• [Activity]:
Reproduce each entry below verbatim.

Stored records
_ _ _ _

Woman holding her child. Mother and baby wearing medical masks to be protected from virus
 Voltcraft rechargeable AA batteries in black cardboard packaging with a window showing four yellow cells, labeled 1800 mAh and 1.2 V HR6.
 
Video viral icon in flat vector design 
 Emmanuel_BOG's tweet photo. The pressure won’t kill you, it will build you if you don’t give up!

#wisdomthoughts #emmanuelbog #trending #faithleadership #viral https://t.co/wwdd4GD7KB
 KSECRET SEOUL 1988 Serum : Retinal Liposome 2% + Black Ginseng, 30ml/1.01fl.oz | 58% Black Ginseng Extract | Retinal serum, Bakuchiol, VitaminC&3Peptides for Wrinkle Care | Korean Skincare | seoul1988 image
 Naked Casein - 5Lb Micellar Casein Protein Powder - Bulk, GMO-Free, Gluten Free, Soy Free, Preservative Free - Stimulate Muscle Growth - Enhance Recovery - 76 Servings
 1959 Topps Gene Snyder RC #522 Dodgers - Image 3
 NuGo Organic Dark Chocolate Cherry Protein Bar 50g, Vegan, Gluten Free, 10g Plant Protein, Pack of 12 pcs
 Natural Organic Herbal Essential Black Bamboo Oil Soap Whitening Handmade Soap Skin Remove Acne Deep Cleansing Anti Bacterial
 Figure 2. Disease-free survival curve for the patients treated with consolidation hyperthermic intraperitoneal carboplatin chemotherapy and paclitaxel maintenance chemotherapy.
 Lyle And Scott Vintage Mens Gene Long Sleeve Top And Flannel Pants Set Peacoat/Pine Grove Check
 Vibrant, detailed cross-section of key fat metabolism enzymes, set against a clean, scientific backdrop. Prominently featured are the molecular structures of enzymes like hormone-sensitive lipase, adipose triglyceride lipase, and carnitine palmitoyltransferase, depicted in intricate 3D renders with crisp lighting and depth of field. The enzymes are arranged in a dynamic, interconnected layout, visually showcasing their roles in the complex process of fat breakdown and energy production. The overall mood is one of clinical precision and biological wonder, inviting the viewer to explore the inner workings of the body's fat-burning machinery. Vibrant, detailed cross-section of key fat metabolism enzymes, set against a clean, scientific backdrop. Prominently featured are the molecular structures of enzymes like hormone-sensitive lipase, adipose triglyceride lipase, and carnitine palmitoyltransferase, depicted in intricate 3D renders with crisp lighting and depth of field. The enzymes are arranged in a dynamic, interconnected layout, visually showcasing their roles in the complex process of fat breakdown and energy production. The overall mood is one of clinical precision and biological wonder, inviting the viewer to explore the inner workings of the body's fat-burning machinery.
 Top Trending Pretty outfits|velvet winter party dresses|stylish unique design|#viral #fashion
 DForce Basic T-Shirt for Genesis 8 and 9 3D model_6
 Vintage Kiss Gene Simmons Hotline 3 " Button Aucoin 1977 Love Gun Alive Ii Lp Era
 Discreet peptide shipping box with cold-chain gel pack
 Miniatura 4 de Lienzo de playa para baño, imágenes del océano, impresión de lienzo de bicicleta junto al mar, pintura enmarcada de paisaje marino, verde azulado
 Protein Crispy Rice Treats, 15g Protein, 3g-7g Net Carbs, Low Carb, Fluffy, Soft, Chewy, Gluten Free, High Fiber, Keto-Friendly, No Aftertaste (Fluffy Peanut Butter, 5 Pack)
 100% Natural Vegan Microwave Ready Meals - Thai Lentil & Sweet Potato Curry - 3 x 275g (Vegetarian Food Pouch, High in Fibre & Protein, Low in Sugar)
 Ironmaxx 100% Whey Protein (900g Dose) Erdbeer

_ _ _ _

• [Your response]:
Woman holding her child. Mother and baby wearing medical masks to be protected from virus
 Voltcraft rechargeable AA batteries in black cardboard packaging with a window showing four yellow cells, labeled 1800 mAh and 1.2 V HR6.
 
Video viral icon in flat vector design 
 Emmanuel_BOG's tweet photo. The pressure won’t kill you, it will build you if you don’t give up!

#wisdomthoughts #emmanuelbog #trending #faithleadership #viral https://t.co/wwdd4GD7KB
 KSECRET SEOUL 1988 Serum : Retinal Liposome 2% + Black Ginseng, 30ml/1.01fl.oz | 58% Black Ginseng Extract | Retinal serum, Bakuchiol, VitaminC&3Peptides for Wrinkle Care | Korean Skincare | seoul1988 image
 Naked Casein - 5Lb Micellar Casein Protein Powder - Bulk, GMO-Free, Gluten Free, Soy Free, Preservative Free - Stimulate Muscle Growth - Enhance Recovery - 76 Servings
 1959 Topps Gene Snyder RC #522 Dodgers - Image 3
 NuGo Organic Dark Chocolate Cherry Protein Bar 50g, Vegan, Gluten Free, 10g Plant Protein, Pack of 12 pcs
 Natural Organic Herbal Essential Black Bamboo Oil Soap Whitening Handmade Soap Skin Remove Acne Deep Cleansing Anti Bacterial
 Figure 2. Disease-free survival curve for the patients treated with consolidation hyperthermic intraperitoneal carboplatin chemotherapy and paclitaxel maintenance chemotherapy.
 Lyle And Scott Vintage Mens Gene Long Sleeve Top And Flannel Pants Set Peacoat/Pine Grove Check
 Vibrant, detailed cross-section of key fat metabolism enzymes, set against a clean, scientific backdrop. Prominently featured are the molecular structures of enzymes like hormone-sensitive lipase, adipose triglyceride lipase, and carnitine palmitoyltransferase, depicted in intricate 3D renders with crisp lighting and depth of field. The enzymes are arranged in a dynamic, interconnected layout, visually showcasing their roles in the complex process of fat breakdown and energy production. The overall mood is one of clinical precision and biological wonder, inviting the viewer to explore the inner workings of the body's fat-burning machinery. Vibrant, detailed cross-section of key fat metabolism enzymes, set against a clean, scientific backdrop. Prominently featured are the molecular structures of enzymes like hormone-sensitive lipase, adipose triglyceride lipase, and carnitine palmitoyltransferase, depicted in intricate 3D renders with crisp lighting and depth of field. The enzymes are arranged in a dynamic, interconnected layout, visually showcasing their roles in the complex process of fat breakdown and energy production. The overall mood is one of clinical precision and biological wonder, inviting the viewer to explore the inner workings of the body's fat-burning machinery.
 Top Trending Pretty outfits|velvet winter party dresses|stylish unique design|#viral #fashion
 DForce Basic T-Shirt for Genesis 8 and 9 3D model_6
 Vintage Kiss Gene Simmons Hotline 3 " Button Aucoin 1977 Love Gun Alive Ii Lp Era
 Discreet peptide shipping box with cold-chain gel pack
 Miniatura 4 de Lienzo de playa para baño, imágenes del océano, impresión de lienzo de bicicleta junto al mar, pintura enmarcada de paisaje marino, verde azulado
 Protein Crispy Rice Treats, 15g Protein, 3g-7g Net Carbs, Low Carb, Fluffy, Soft, Chewy, Gluten Free, High Fiber, Keto-Friendly, No Aftertaste (Fluffy Peanut Butter, 5 Pack)
 100% Natural Vegan Microwave Ready Meals - Thai Lentil & Sweet Potato Curry - 3 x 275g (Vegetarian Food Pouch, High in Fibre & Protein, Low in Sugar)
 Ironmaxx 100% Whey Protein (900g Dose) Erdbeer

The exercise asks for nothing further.